● Exercise prompt
Return each record word for word, keeping none of its pictures.

Pictures with short captions:
= = = = =
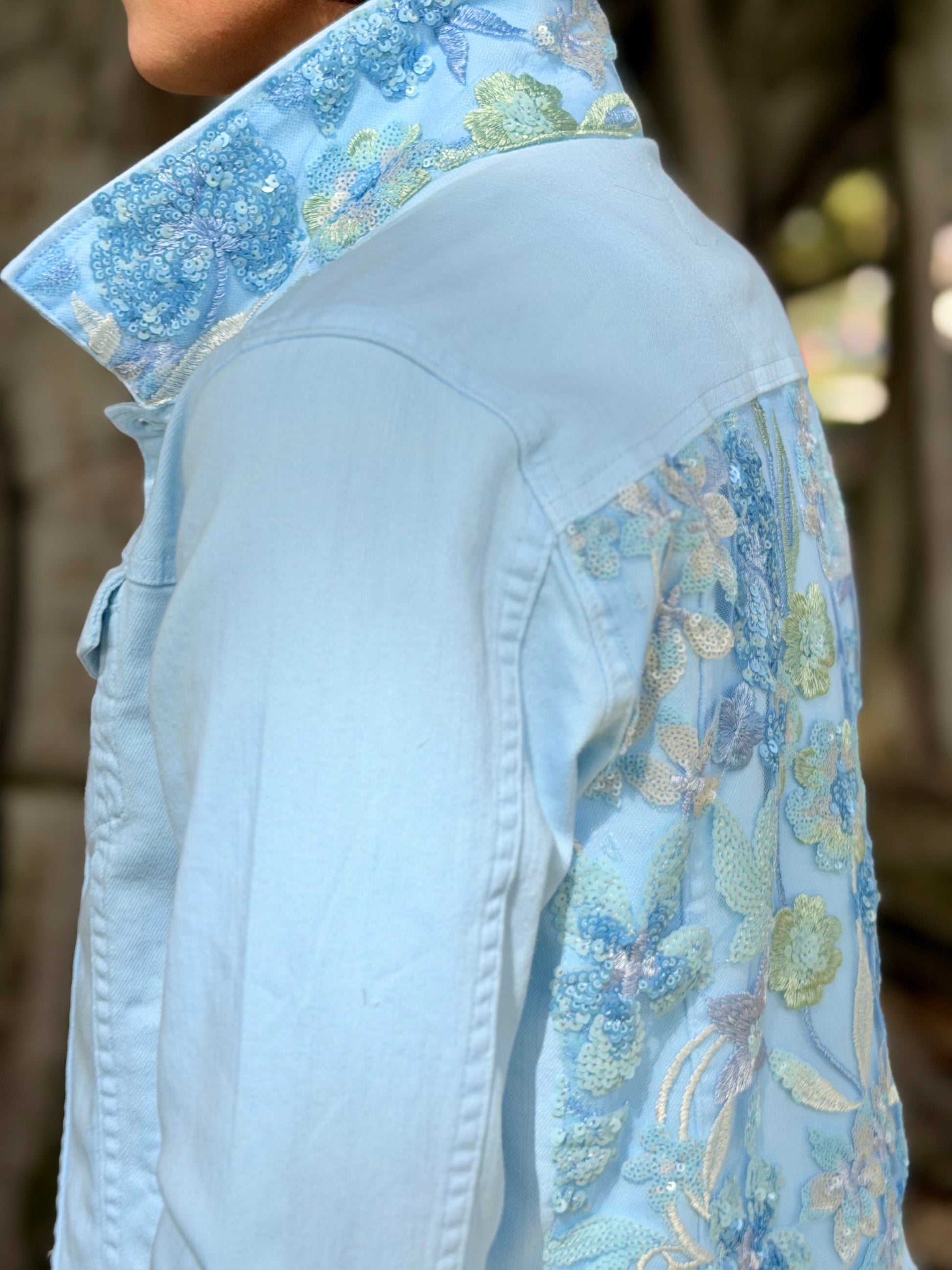 The Nantucket Blue Denim Jacket / Blue Sequins - Stacy Bradley Design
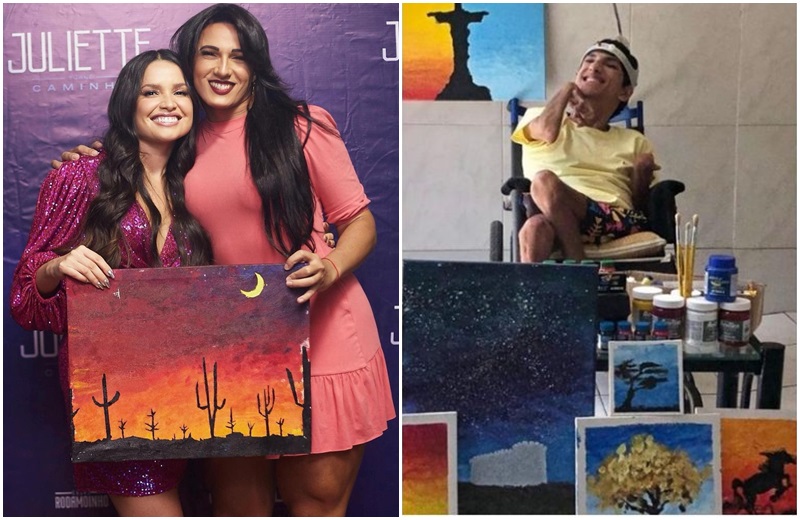 Read more about the article Fã de Juliette, artista potiguar com paralisia pinta “cactos” em quadro e presenteia campeã do BBB 21 com a obra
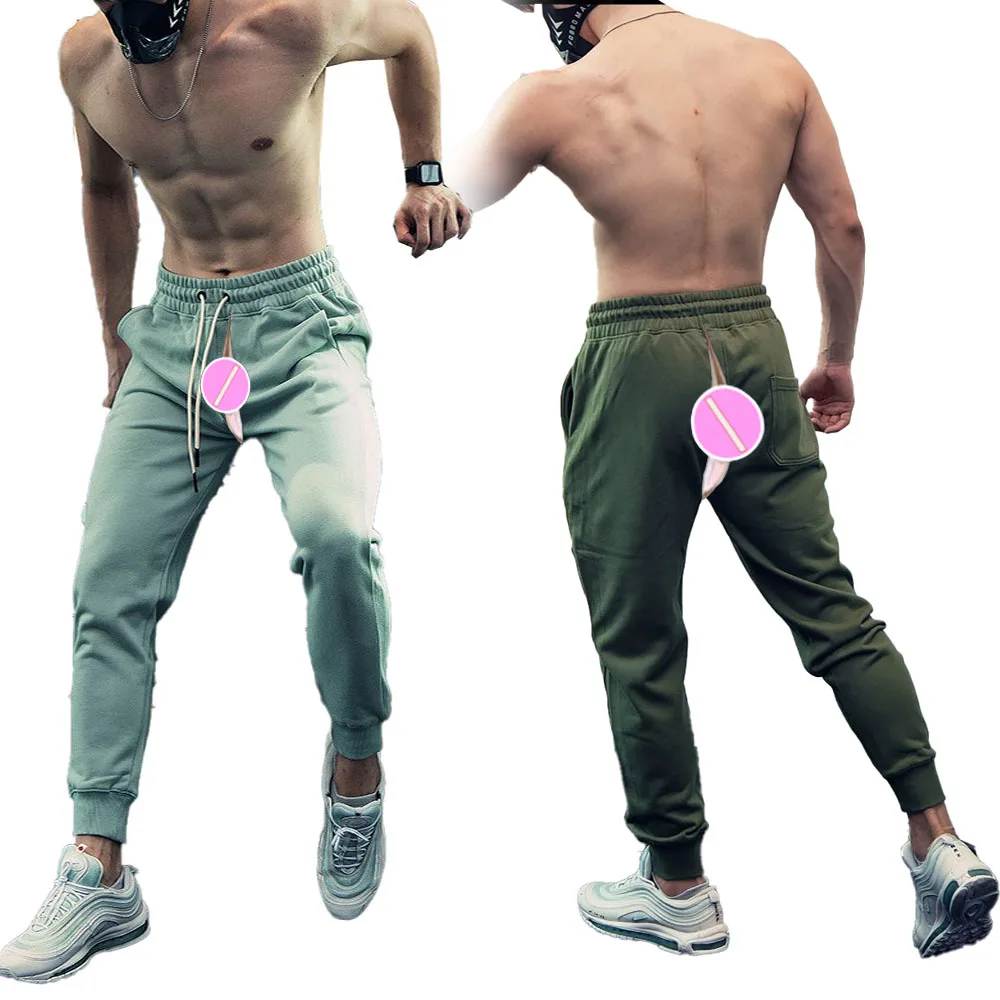 

Outdoor Sex Invisible Open Crotch Pants Mens Ankle-Tied Casual Trousers Male Track Sweatpants Jogger Running Football Basketball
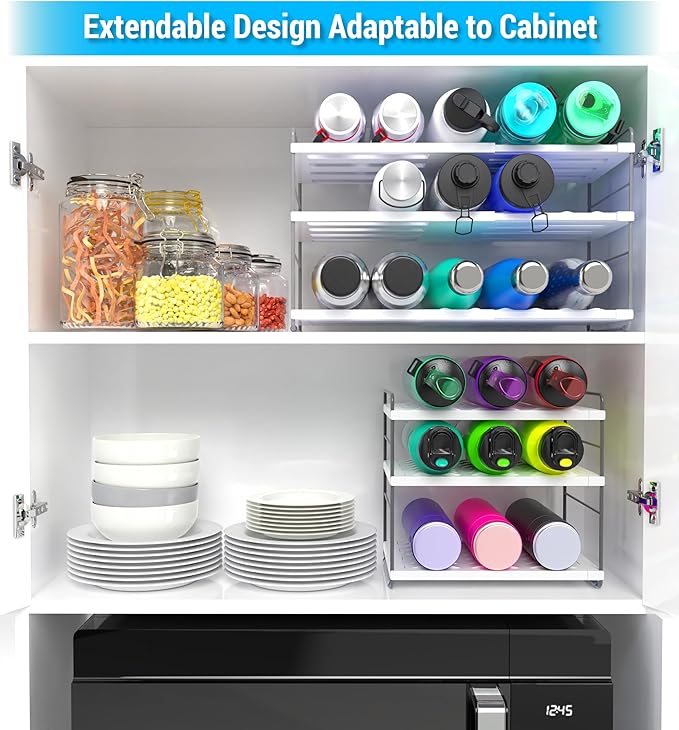 YAN & HIN Water Bottle Organizer for Cabinet, 3-Tier Expandable Bottle Storage Rack, Adjustable Height Holds 15 Bottles, Tumbler & Baby Bottle Organizer for Kitchen Pantry Counter (2 Pack)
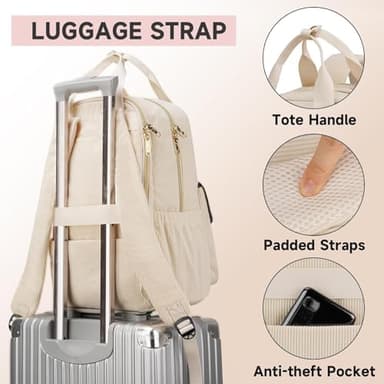 MATEIN School Backpack for Girls, 15.6 Inch Cute College Backpack Corduroy Computer Bookbag with USB Charging Port, TSA Lightweight Kawaii Travel Laptop Backpack Aesthetic for Teens Students, Beige - Image 5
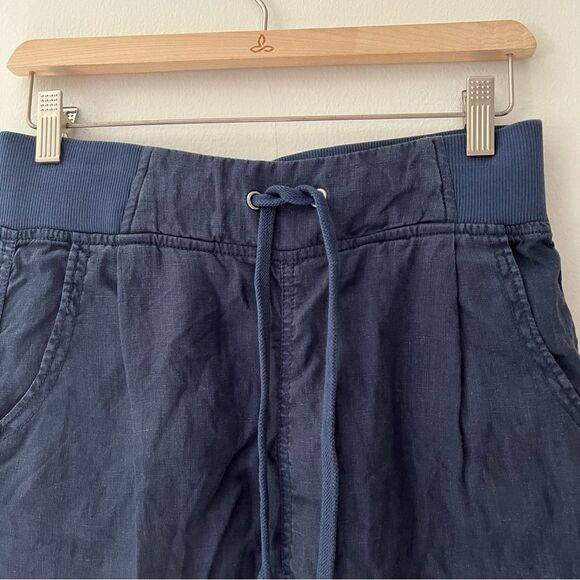 Athleta 100% Linen Skirt Navy Pull On Stretch Waist Drawstring Pockets Size 4 - Picture 2 of 6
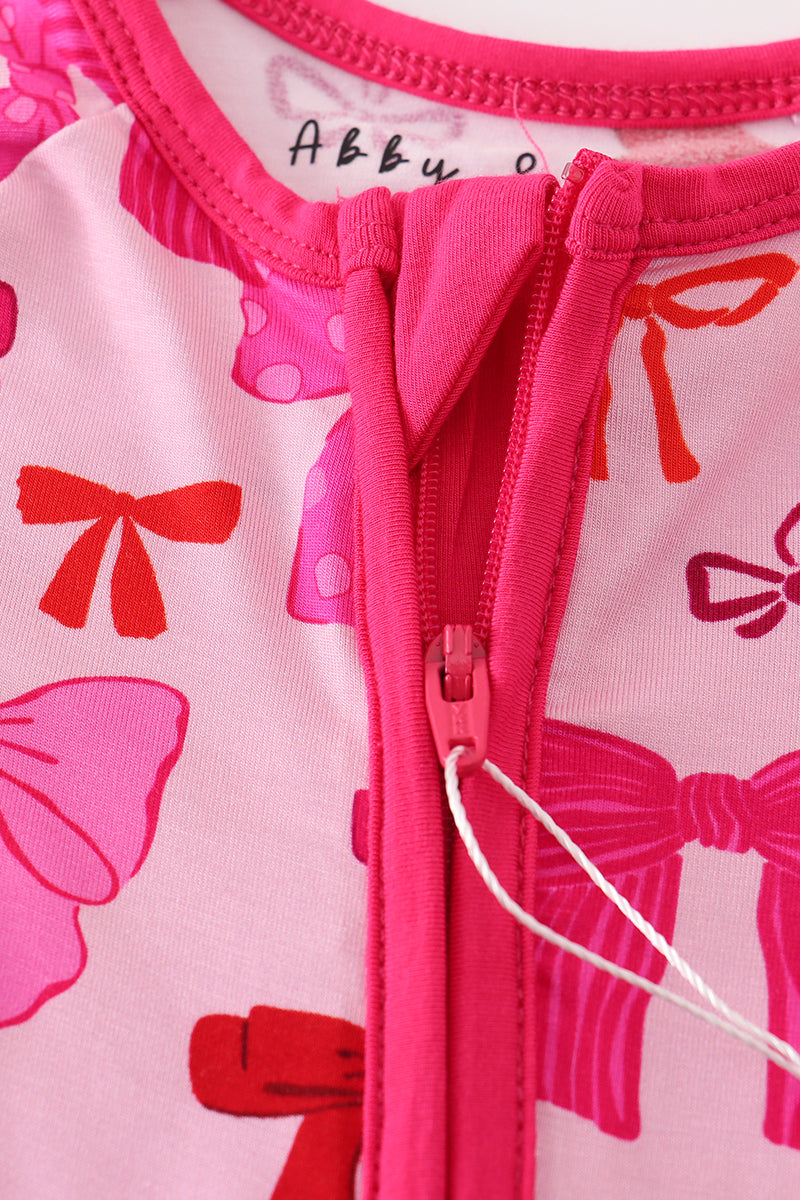 Pink bow print bamboo romper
= = = = =
● Written reply
 The Nantucket Blue Denim Jacket / Blue Sequins - Stacy Bradley Design
 Read more about the article Fã de Juliette, artista potiguar com paralisia pinta “cactos” em quadro e presenteia campeã do BBB 21 com a obra

Outdoor Sex Invisible Open Crotch Pants Mens Ankle-Tied Casual Trousers Male Track Sweatpants Jogger Running Football Basketball
 YAN & HIN Water Bottle Organizer for Cabinet, 3-Tier Expandable Bottle Storage Rack, Adjustable Height Holds 15 Bottles, Tumbler & Baby Bottle Organizer for Kitchen Pantry Counter (2 Pack)
 MATEIN School Backpack for Girls, 15.6 Inch Cute College Backpack Corduroy Computer Bookbag with USB Charging Port, TSA Lightweight Kawaii Travel Laptop Backpack Aesthetic for Teens Students, Beige - Image 5
 Athleta 100% Linen Skirt Navy Pull On Stretch Waist Drawstring Pockets Size 4 - Picture 2 of 6
 Pink bow print bamboo romper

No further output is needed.